BRIEF
Once you reach the line that holds "Jeep Grand Cherokee - 25" in the listing below, output it and every line after it through the line that holds "Une couverture en", word for word.

MATERIAL SUPPLIED
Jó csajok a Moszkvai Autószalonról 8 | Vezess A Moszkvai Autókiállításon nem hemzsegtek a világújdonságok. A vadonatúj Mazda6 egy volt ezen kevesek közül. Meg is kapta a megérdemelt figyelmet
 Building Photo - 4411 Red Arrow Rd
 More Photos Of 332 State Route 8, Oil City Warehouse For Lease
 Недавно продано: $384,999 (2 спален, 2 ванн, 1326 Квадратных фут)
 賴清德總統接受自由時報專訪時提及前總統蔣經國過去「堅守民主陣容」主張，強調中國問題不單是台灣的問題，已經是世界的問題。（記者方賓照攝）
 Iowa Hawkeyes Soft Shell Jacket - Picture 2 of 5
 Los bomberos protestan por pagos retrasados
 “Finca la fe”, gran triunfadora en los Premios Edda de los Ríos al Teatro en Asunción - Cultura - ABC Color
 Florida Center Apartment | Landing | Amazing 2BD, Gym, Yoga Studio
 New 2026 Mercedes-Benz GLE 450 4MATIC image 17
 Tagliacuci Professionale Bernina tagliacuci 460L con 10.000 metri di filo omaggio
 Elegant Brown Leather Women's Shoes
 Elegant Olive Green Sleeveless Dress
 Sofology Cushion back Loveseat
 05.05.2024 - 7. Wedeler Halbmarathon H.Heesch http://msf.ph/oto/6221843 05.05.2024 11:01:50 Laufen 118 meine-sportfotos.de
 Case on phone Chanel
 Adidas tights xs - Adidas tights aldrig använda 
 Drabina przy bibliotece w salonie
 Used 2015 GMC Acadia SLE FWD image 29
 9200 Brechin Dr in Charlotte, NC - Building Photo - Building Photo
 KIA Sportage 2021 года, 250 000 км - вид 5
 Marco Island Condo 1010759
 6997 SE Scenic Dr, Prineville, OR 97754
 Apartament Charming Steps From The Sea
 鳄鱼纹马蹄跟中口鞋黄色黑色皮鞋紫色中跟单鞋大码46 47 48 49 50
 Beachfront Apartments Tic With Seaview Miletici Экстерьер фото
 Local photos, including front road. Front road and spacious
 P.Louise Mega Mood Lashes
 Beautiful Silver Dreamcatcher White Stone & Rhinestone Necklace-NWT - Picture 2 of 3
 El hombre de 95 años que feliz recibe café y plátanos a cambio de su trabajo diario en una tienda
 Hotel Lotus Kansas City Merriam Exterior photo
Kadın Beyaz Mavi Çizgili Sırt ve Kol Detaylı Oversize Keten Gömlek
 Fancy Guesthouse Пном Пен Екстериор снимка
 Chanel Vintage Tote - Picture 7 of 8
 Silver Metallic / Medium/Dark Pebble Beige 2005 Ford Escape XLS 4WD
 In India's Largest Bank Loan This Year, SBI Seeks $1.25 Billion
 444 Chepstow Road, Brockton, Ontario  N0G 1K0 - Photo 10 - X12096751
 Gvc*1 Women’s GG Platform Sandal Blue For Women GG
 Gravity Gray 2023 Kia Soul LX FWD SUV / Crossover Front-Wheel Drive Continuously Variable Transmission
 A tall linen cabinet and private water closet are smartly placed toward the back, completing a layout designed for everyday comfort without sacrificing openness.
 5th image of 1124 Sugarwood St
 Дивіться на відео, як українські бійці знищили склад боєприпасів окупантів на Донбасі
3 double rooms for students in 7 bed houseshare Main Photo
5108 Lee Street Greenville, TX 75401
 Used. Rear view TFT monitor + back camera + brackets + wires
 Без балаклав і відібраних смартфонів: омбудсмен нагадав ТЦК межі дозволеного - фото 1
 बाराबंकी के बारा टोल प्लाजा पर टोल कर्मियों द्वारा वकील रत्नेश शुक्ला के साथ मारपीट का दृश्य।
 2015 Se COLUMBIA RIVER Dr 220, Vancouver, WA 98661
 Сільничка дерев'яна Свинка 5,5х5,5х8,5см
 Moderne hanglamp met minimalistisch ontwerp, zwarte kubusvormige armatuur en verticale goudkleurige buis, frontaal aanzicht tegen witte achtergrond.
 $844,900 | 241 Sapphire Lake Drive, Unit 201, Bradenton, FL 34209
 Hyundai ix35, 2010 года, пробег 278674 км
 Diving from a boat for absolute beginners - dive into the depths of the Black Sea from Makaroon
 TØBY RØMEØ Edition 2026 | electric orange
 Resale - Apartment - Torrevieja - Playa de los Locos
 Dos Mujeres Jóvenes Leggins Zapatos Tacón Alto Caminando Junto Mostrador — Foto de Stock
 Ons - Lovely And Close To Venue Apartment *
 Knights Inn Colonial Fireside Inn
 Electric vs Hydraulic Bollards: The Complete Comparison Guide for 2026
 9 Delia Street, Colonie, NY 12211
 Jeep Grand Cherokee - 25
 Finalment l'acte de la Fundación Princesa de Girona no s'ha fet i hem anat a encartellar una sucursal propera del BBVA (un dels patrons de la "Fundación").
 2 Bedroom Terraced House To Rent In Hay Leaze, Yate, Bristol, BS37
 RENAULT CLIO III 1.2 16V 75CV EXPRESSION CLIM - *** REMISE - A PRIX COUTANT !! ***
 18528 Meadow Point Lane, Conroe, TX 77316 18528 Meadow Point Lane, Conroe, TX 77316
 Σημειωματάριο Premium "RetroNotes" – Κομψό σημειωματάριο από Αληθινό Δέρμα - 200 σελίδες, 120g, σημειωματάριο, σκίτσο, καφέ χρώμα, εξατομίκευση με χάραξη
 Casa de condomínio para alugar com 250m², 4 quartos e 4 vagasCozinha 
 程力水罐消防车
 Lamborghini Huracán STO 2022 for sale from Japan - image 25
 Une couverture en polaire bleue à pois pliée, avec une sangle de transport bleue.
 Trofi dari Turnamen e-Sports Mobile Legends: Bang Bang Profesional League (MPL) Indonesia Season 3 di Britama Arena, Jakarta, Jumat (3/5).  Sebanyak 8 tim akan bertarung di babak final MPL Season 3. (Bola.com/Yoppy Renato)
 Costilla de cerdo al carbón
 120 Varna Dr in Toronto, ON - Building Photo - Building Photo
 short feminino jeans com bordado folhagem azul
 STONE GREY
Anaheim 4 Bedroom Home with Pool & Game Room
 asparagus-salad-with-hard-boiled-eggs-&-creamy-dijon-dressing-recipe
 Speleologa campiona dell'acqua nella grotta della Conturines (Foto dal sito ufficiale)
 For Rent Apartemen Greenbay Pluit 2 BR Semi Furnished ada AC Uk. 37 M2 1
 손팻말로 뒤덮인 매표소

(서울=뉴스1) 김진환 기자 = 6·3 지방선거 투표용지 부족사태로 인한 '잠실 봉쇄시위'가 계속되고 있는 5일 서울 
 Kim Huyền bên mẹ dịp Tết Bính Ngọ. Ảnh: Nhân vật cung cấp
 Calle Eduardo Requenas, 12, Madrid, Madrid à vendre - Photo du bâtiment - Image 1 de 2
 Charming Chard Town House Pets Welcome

OUTPUT FOR THIS TASK
 Jeep Grand Cherokee - 25
 Finalment l'acte de la Fundación Princesa de Girona no s'ha fet i hem anat a encartellar una sucursal propera del BBVA (un dels patrons de la "Fundación").
 2 Bedroom Terraced House To Rent In Hay Leaze, Yate, Bristol, BS37
 RENAULT CLIO III 1.2 16V 75CV EXPRESSION CLIM - *** REMISE - A PRIX COUTANT !! ***
 18528 Meadow Point Lane, Conroe, TX 77316 18528 Meadow Point Lane, Conroe, TX 77316
 Σημειωματάριο Premium "RetroNotes" – Κομψό σημειωματάριο από Αληθινό Δέρμα - 200 σελίδες, 120g, σημειωματάριο, σκίτσο, καφέ χρώμα, εξατομίκευση με χάραξη
 Casa de condomínio para alugar com 250m², 4 quartos e 4 vagasCozinha 
 程力水罐消防车
 Lamborghini Huracán STO 2022 for sale from Japan - image 25
 Une couverture en polaire bleue à pois pliée, avec une sangle de transport bleue.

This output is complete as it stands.